Pictures with short captions

╭──

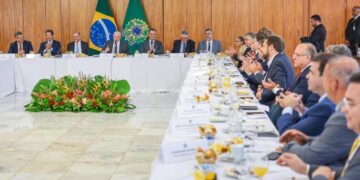 Lula discute com líderes formas de aumentar a arrecadação￼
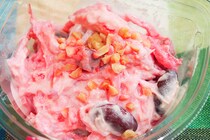 珍しいかも！ファミマで見つけた「ピンクのサラダ」が気になりすぎる！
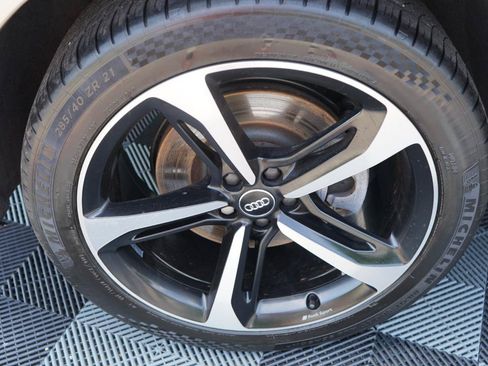 Used 2019 Audi Q7 3.0T Prestige AWD/4WD image 34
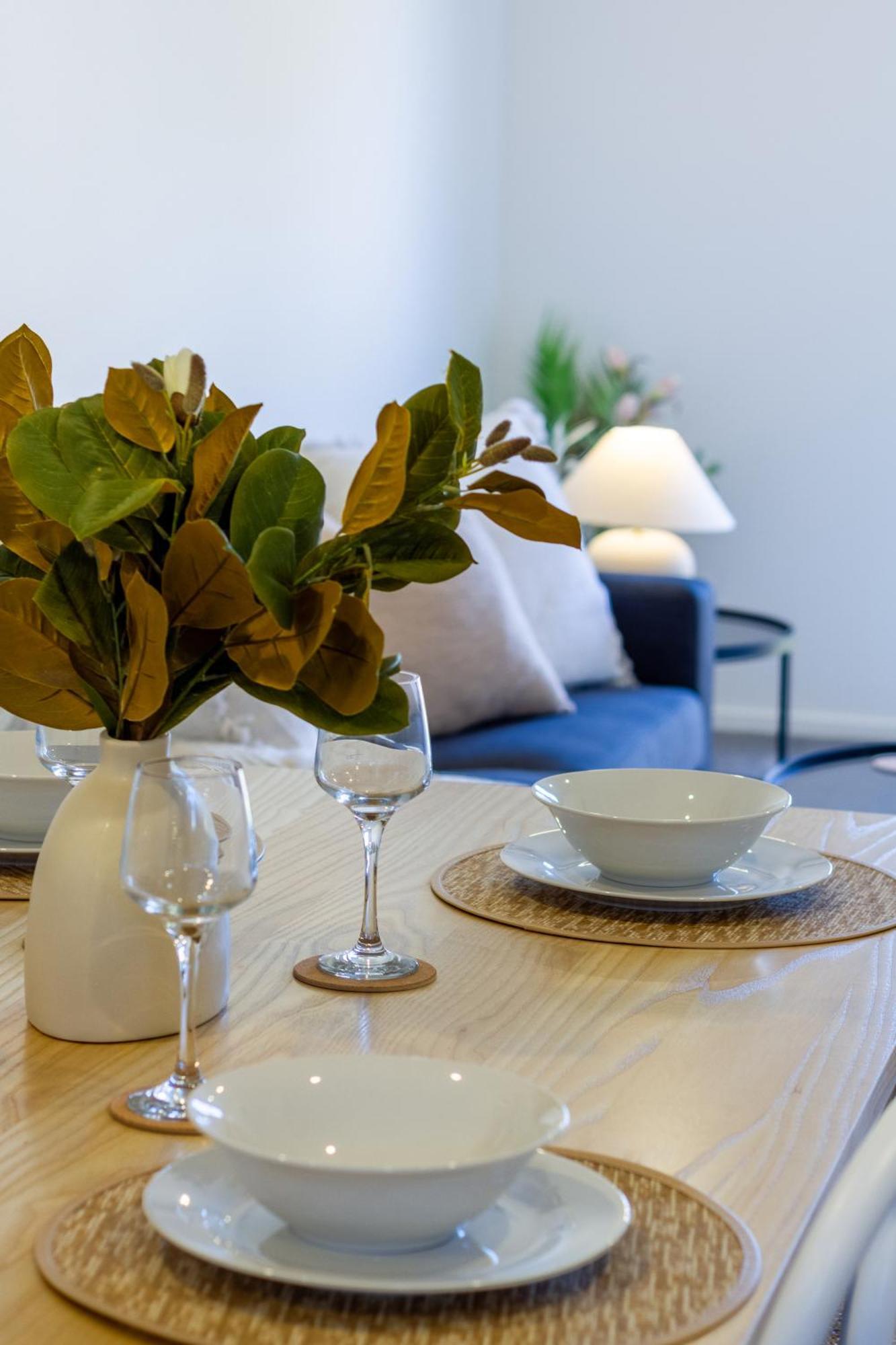 Appartamento Chic 2-Bed Gem: Trust Arena Proximity - West Akl Auckland Esterno foto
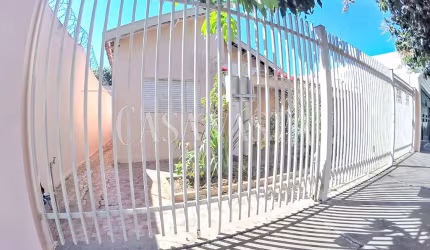 Casa à venda próxima da Rua Cussy de Almeida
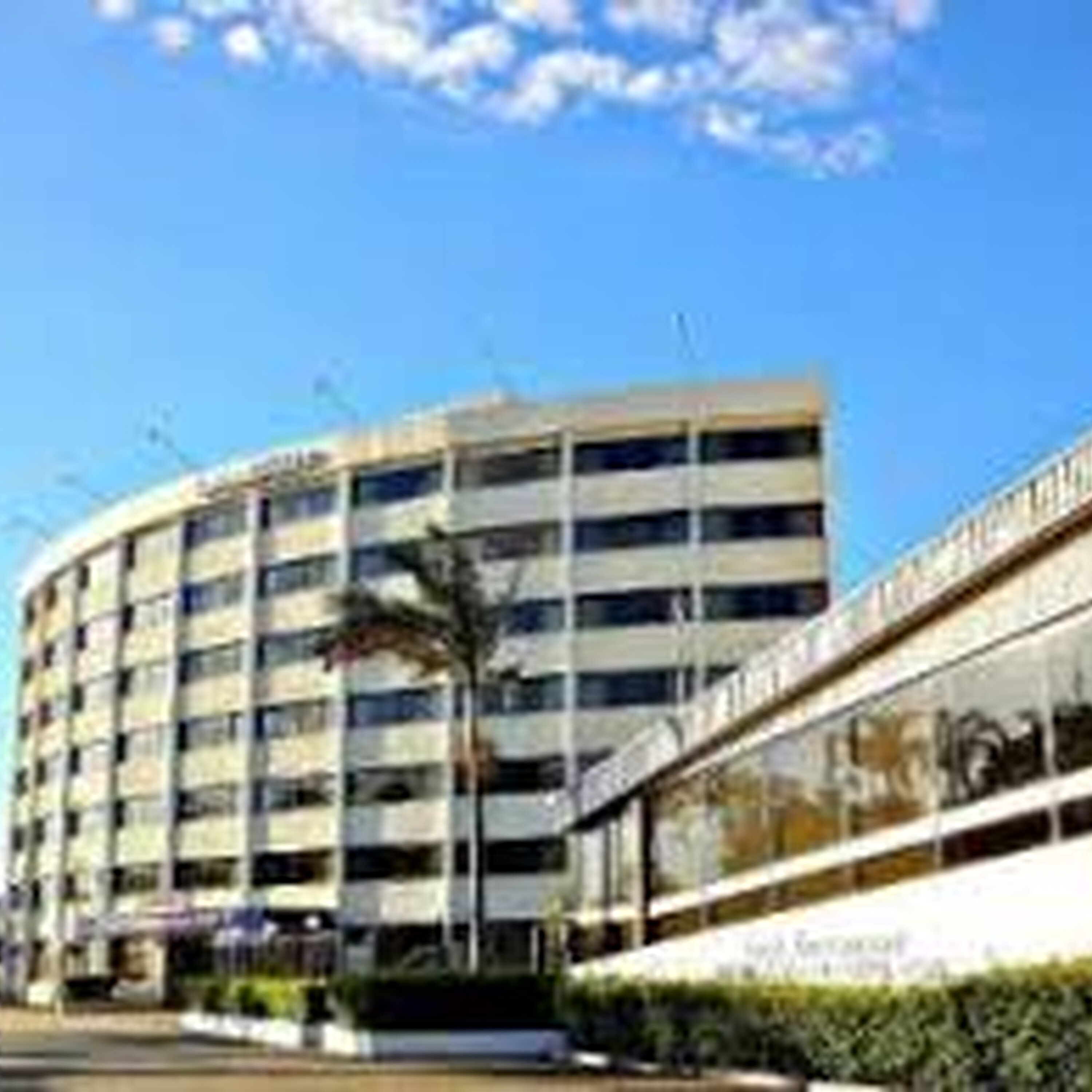Abandoned Rockhampton hotel for sale for just $1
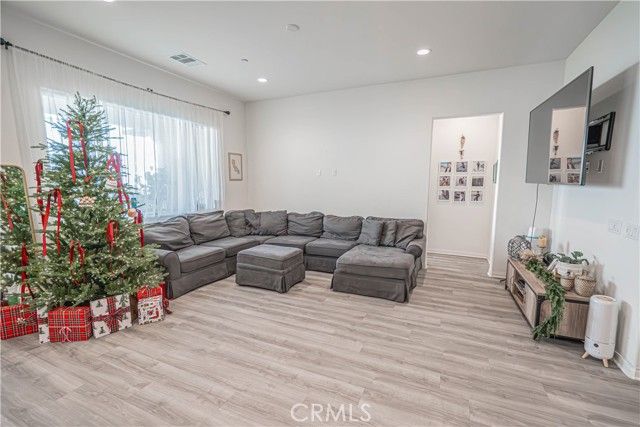2111 Seville, Santa Paula, CA 93060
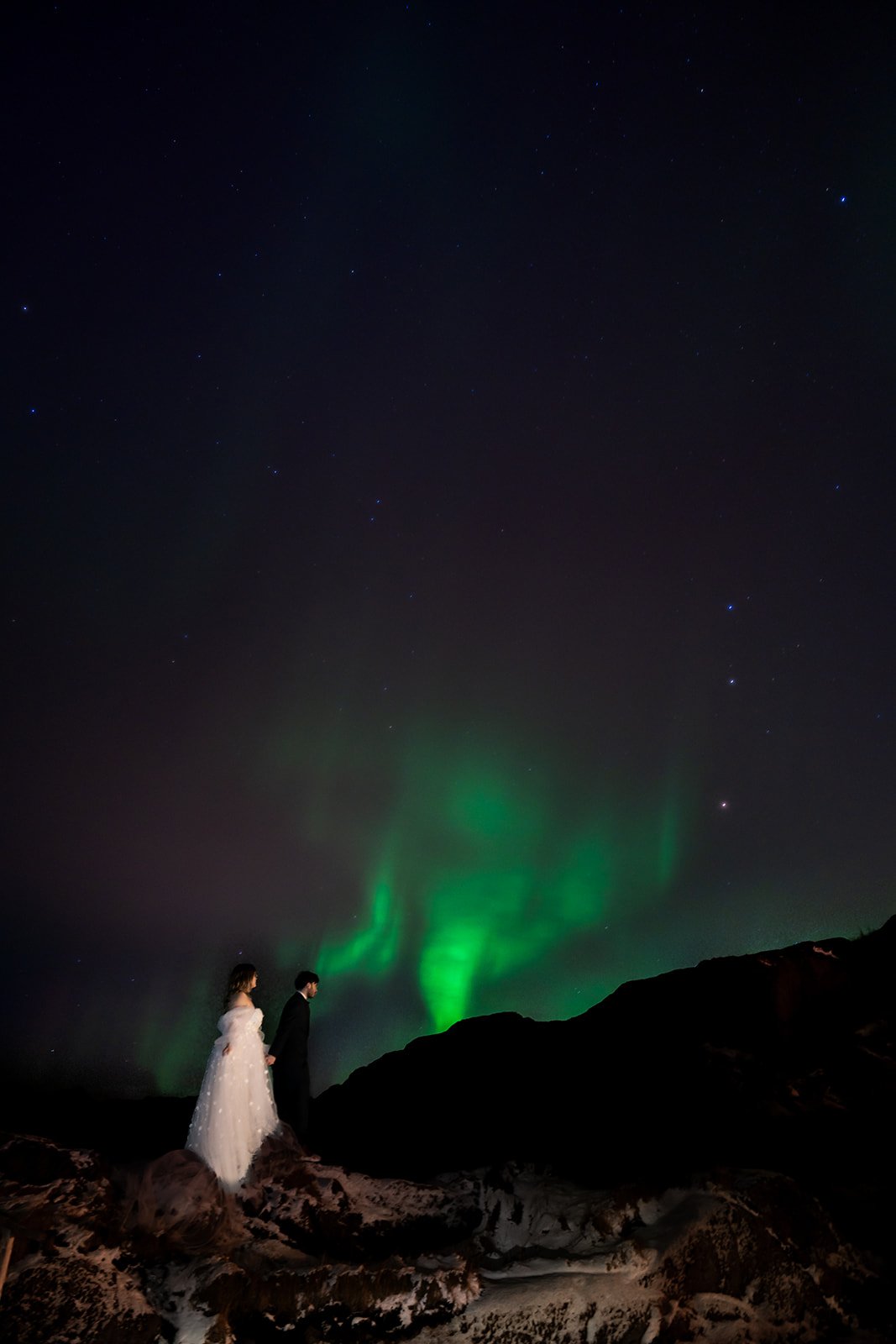 elopement under the northern lights in Norway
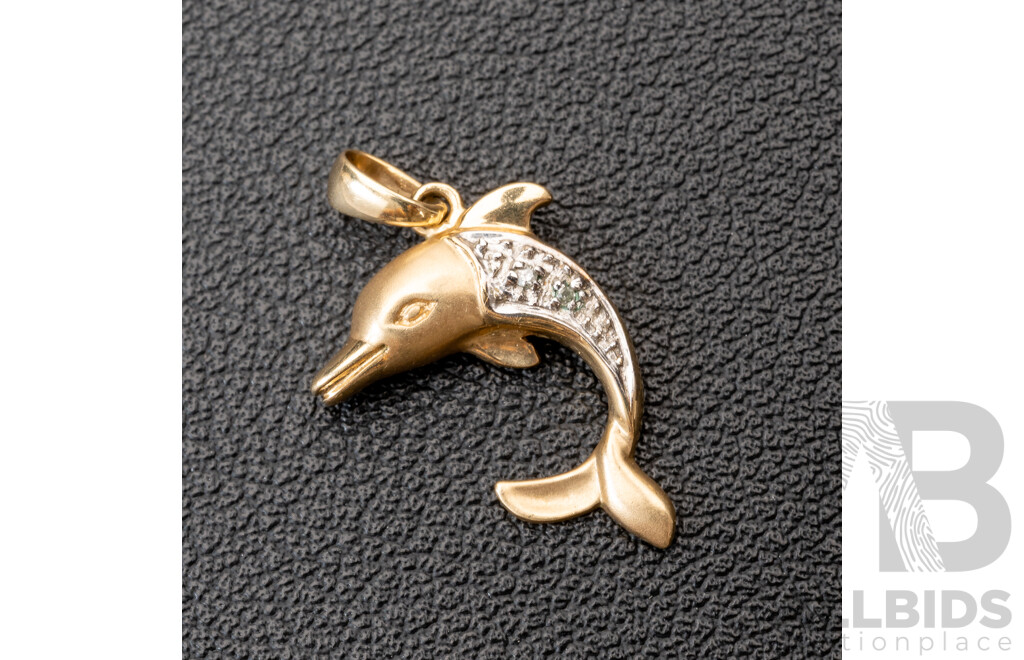 9ct Diamond Set Dolphin Pendant/charm, 22mm Long, 2.09 Grams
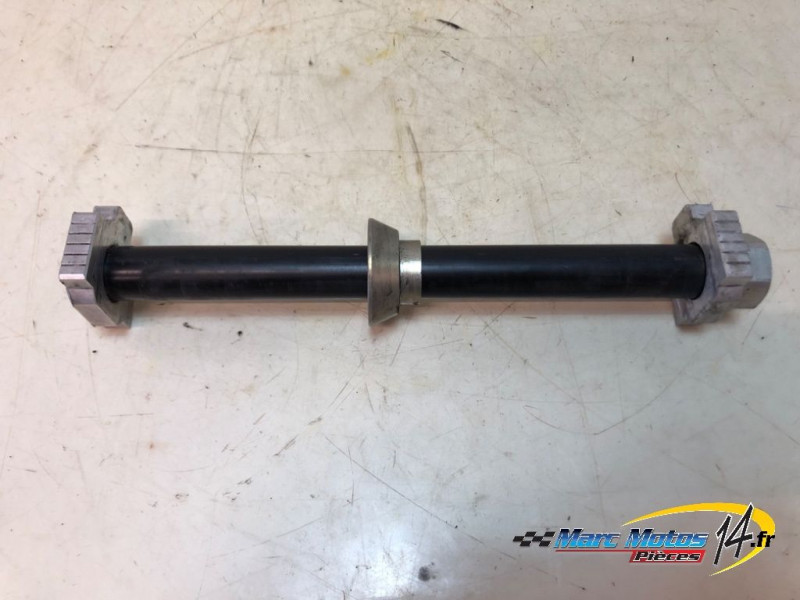 AXE DE ROUE ARRIERE KTM 890 DUKE R 2023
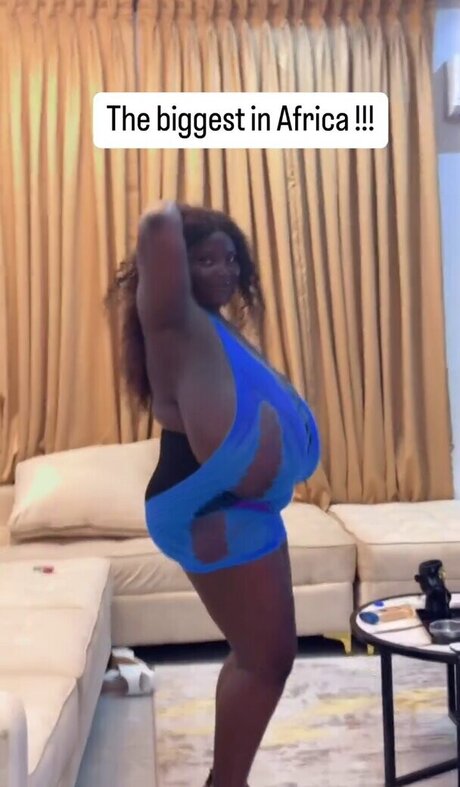 Busty Vivian kostenlose erotische galerien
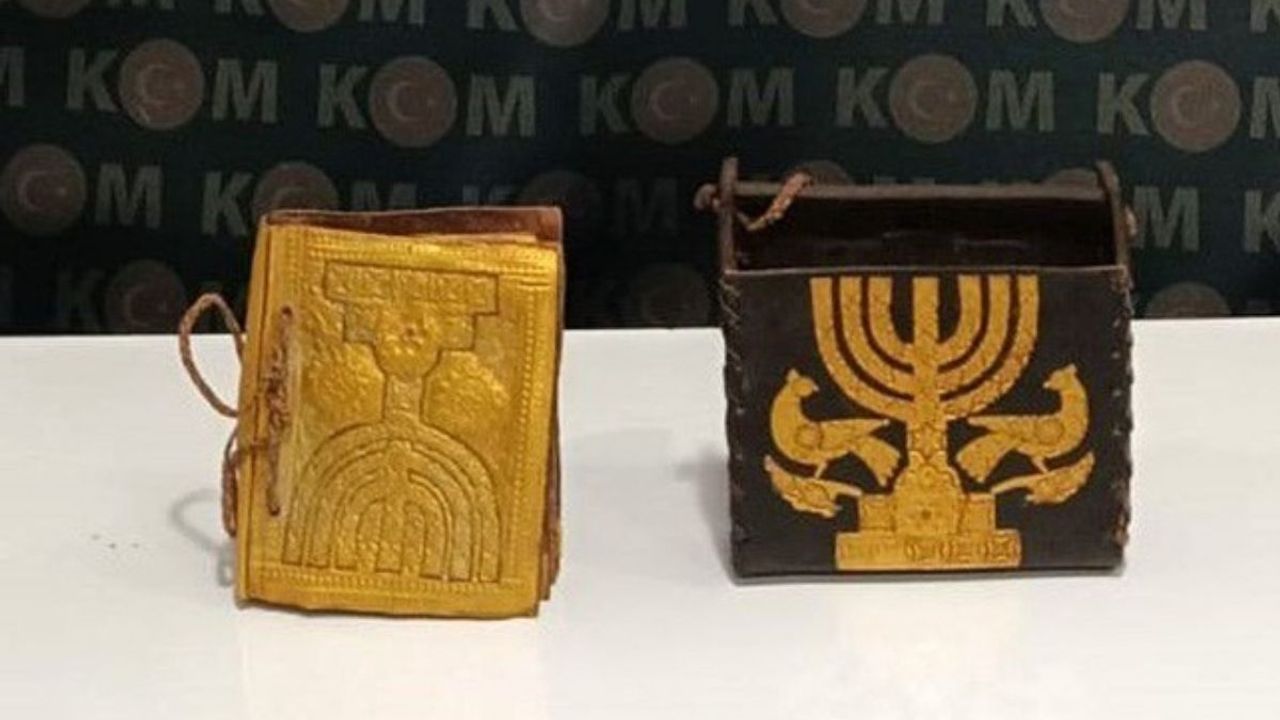 Operasyonda altın kaplamalı Tevrat ele geçirildi!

╰──

Problem
When you copy the data above, keep each line exact and omit the pictures.

Result below
 Lula discute com líderes formas de aumentar a arrecadação
 珍しいかも！ファミマで見つけた「ピンクのサラダ」が気になりすぎる！
 Used 2019 Audi Q7 3.0T Prestige AWD/4WD image 34
 Appartamento Chic 2-Bed Gem: Trust Arena Proximity - West Akl Auckland Esterno foto
 Casa à venda próxima da Rua Cussy de Almeida
Abandoned Rockhampton hotel for sale for just $1
2111 Seville, Santa Paula, CA 93060
 elopement under the northern lights in Norway
 9ct Diamond Set Dolphin Pendant/charm, 22mm Long, 2.09 Grams
 AXE DE ROUE ARRIERE KTM 890 DUKE R 2023
 Busty Vivian kostenlose erotische galerien
 Operasyonda altın kaplamalı Tevrat ele geçirildi!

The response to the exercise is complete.